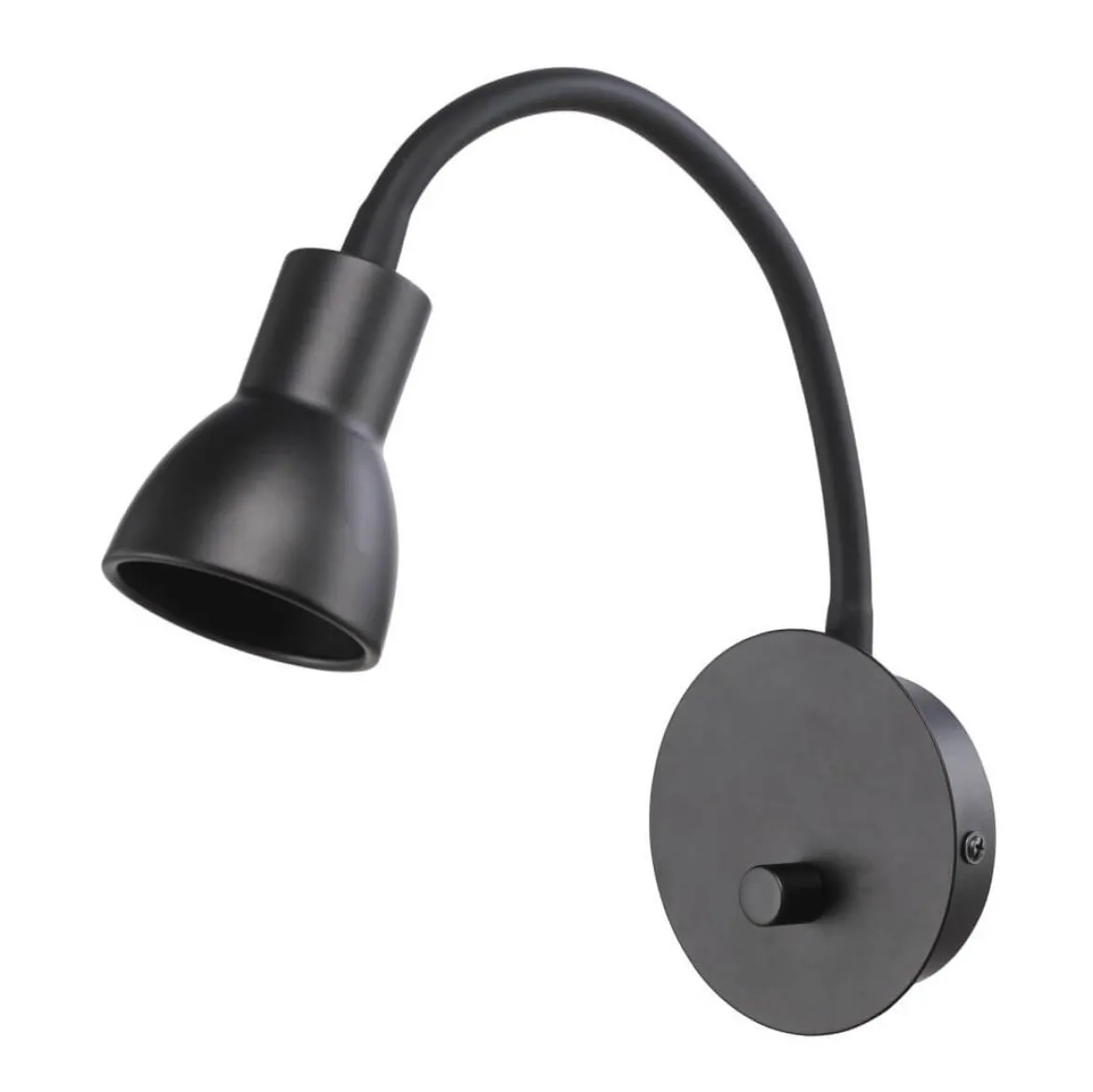 SAGA Vägglampa 35cm Svart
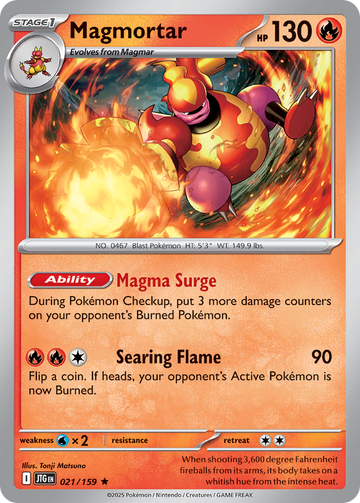 021/159 - Magmortar - [Rare] - Reverse Holo
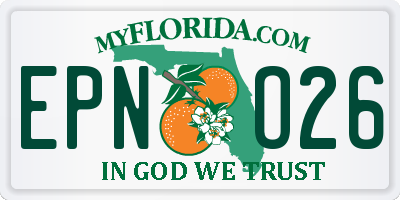 FL license plate EPNO26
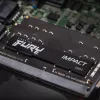 Kingston Technology FURY 16GB 3200MT/s DDR4 CL20 SODIMM (2 kpl:n pakkaus) Impact
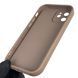 Чехол силиконовый оригинальный Soft Touch с 3D принтом смешного теда мишки для Apple iPhone 12 коричневый (Полная защита камеры) 0048393 фото 3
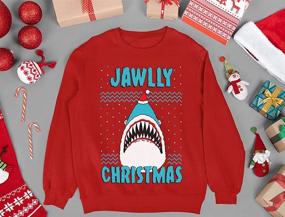 img 1 attached to 🎄 Jawlly Christmas Sweater Sweatshirt - Trendy Boys' Clothing by TeeStars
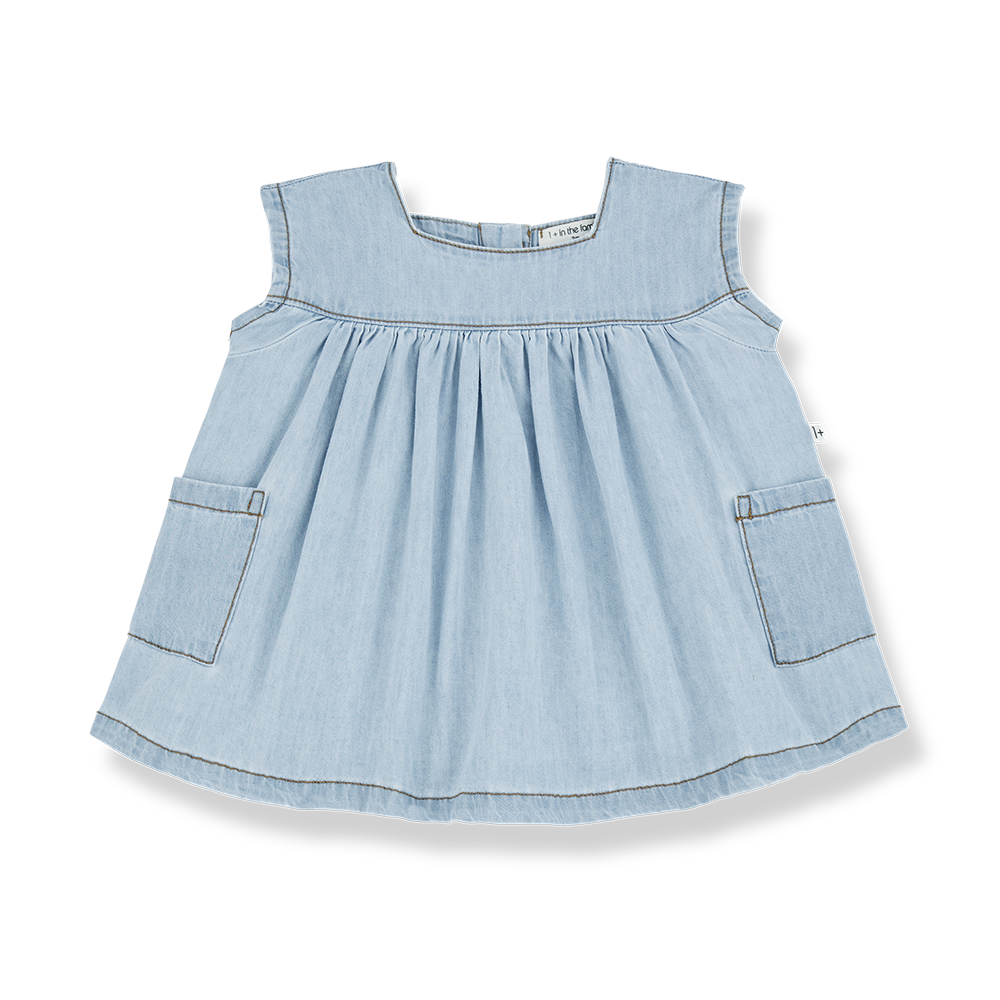 【1＋in the family】CARLOTTA denim ワンピース 12m,18m,24m,36m  | Coucoubebe/ククベベ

=== TASK BRIEF ===
Skip every picture and return the lines above from the top through the one that contains "Kingston Technology FURY".

=== SOLVED PROBLEM ===
 SAGA Vägglampa 35cm Svart
 021/159 - Magmortar - [Rare] - Reverse Holo
 FL license plate EPNO26
 Kingston Technology FURY 16GB 3200MT/s DDR4 CL20 SODIMM (2 kpl:n pakkaus) Impact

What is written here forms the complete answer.